FOOD SAFETY AND SMALL FARMS: John Schwenkler writes:

Over the weekend, Tim Carney and Rod Dreher both had very nice columns on the controversy over the push for the implementation of a National Animal Identification System and other food safety measures being pushed in Congress that would likely pose serious burdens for smaller farmers and other producers who are unable to take advantage of the benefits of economies of scale. …

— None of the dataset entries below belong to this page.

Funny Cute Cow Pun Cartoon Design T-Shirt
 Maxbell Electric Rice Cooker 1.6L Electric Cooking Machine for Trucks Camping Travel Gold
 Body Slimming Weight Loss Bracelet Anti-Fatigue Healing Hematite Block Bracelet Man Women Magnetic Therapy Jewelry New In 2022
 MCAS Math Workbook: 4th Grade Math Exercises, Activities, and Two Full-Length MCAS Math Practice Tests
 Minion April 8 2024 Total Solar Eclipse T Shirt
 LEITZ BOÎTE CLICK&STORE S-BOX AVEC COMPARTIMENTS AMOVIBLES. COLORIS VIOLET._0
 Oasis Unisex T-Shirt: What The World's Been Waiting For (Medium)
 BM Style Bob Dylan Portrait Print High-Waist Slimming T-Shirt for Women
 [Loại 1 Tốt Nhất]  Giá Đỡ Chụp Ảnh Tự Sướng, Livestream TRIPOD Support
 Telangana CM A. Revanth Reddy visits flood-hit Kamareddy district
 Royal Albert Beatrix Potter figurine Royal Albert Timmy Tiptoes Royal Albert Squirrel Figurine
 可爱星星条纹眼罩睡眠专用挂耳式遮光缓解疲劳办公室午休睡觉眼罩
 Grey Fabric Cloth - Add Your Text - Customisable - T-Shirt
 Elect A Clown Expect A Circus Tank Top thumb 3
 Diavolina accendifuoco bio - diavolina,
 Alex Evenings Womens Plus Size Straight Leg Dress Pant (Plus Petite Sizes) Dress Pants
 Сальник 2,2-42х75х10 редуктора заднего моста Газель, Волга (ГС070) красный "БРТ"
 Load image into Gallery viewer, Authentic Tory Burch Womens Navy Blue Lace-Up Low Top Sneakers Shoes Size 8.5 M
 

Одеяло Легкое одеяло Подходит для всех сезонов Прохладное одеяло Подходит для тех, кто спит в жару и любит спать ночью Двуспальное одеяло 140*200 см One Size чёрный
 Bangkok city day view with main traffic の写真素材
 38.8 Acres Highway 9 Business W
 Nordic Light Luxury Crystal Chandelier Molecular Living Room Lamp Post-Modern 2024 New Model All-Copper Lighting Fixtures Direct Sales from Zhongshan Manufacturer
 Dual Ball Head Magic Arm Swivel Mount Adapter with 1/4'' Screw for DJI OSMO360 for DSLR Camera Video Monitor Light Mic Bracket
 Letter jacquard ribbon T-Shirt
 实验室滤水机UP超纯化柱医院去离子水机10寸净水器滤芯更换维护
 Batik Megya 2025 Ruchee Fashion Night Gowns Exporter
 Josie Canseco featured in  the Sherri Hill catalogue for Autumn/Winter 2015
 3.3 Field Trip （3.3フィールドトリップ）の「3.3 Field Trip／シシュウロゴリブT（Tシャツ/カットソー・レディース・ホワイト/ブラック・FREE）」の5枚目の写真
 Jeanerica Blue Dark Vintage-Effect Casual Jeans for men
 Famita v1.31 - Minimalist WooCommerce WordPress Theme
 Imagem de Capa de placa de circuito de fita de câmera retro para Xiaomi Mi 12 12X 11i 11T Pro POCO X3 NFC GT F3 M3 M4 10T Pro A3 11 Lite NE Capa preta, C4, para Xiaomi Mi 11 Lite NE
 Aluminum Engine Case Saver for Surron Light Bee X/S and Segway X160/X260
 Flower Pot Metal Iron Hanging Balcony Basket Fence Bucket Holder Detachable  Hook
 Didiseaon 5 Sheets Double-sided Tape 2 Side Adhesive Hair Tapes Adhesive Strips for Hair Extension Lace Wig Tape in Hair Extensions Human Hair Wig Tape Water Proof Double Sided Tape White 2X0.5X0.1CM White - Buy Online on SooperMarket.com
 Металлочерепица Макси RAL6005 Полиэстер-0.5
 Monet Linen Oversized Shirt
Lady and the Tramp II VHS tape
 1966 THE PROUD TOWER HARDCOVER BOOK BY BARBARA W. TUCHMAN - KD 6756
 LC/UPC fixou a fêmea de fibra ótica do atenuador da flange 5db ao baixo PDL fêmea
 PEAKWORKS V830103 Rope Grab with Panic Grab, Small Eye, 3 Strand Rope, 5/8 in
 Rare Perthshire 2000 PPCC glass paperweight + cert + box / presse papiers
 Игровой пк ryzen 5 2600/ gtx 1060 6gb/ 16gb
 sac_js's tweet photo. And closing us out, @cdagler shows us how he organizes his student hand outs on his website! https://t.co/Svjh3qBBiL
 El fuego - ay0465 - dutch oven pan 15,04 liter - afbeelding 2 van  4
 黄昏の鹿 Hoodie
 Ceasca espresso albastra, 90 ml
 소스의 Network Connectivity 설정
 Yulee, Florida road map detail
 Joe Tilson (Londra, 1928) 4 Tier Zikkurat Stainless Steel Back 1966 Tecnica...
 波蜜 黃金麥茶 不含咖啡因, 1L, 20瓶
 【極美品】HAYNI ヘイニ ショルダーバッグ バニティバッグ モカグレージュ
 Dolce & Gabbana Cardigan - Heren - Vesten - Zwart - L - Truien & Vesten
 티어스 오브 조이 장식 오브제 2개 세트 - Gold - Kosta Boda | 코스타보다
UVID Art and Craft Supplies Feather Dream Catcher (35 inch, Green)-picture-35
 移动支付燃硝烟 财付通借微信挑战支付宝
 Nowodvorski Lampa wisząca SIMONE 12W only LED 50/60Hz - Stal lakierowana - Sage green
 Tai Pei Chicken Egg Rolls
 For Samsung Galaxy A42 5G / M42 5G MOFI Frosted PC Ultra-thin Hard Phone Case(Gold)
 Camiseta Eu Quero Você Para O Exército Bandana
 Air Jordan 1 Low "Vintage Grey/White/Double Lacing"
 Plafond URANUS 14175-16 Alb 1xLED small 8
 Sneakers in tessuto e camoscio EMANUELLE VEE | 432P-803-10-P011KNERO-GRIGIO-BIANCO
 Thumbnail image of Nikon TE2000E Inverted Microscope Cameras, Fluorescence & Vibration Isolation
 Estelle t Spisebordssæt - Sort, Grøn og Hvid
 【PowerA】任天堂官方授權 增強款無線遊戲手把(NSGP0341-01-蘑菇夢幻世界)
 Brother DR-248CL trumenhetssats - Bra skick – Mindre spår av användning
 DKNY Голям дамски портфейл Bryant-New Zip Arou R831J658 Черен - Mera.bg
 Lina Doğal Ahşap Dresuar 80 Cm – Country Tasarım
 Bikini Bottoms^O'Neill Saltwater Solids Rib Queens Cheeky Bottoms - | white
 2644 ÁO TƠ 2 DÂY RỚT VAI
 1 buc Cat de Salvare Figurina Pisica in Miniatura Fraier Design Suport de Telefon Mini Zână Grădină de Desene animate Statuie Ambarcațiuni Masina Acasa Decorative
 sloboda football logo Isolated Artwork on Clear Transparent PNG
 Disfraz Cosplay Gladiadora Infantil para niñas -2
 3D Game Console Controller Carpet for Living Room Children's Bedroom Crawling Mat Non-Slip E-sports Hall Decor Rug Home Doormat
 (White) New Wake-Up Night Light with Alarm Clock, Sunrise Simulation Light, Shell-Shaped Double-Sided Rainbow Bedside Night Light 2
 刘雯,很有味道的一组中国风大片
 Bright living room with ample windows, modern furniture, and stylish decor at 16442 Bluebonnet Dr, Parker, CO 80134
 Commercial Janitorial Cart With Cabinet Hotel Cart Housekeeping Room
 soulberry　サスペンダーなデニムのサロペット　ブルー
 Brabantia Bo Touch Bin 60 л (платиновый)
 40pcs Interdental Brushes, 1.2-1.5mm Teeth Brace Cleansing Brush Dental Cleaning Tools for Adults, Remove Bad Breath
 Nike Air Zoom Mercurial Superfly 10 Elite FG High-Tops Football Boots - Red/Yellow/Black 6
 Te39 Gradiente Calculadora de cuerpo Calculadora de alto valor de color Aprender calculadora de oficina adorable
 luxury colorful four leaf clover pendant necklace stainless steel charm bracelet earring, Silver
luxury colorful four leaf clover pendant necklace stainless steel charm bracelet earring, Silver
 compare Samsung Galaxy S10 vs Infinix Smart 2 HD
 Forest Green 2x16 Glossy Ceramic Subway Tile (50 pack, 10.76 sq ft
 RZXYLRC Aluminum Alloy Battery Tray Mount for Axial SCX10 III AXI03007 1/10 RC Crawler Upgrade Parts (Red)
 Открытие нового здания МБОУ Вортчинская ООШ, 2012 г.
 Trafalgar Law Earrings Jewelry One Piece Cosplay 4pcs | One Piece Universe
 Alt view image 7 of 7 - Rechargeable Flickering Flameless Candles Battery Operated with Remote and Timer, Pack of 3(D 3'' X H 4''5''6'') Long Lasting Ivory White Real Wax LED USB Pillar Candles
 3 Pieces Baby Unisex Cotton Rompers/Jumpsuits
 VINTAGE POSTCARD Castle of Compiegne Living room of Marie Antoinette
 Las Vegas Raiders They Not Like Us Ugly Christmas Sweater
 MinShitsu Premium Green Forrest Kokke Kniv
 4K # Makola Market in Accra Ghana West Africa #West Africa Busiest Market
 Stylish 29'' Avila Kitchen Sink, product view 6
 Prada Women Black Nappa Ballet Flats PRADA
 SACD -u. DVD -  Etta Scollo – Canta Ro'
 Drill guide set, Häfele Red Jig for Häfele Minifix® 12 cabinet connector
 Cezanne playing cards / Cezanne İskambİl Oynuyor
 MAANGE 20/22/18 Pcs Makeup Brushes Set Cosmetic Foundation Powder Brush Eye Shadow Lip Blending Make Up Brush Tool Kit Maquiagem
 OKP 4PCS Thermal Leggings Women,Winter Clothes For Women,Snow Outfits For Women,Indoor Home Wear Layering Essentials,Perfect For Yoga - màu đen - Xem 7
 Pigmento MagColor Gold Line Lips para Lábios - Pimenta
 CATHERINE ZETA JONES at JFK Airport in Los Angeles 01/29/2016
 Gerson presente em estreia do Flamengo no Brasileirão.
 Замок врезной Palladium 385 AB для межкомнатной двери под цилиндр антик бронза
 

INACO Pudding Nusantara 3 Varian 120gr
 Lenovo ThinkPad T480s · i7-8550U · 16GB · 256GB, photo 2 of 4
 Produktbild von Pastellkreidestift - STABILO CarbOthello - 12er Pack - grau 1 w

What Rod wants, then, is a system that puts stringent regulations in place on the larger producers while granting exemptions for smaller farmers who can’t reasonably be expected to meet them. But granting that this sort of route is clearly possible in principle, is it politically feasible? In my Doublethink piece on raw milk, the dynamic I detected in the battle over regulation in California was essentially the same one that Mark found in his work on the CPSIA controversy: in stark contrast to the naive image of anti-regulatory businessmen squared off against the would-be food nannies in government, the actual relationship between business and government was much more, well, symbiotic than that; it was the corporations that were pushing for the new regulations, and it was hard not to think that they were doing so at least partly because they were cognizant of the effects that such regulation would have on the competition. “Regulation”, as Tim Carney put it to me in a quotation from that article, “always helps the big guys by creating barriers to entry, but there’s a more important dynamic here: When you give the government power, you give the lobbyists power. It also works the other way: When only a handful of businesses dominate an industry, bureaucrats and politicians find it easier to control that industry.”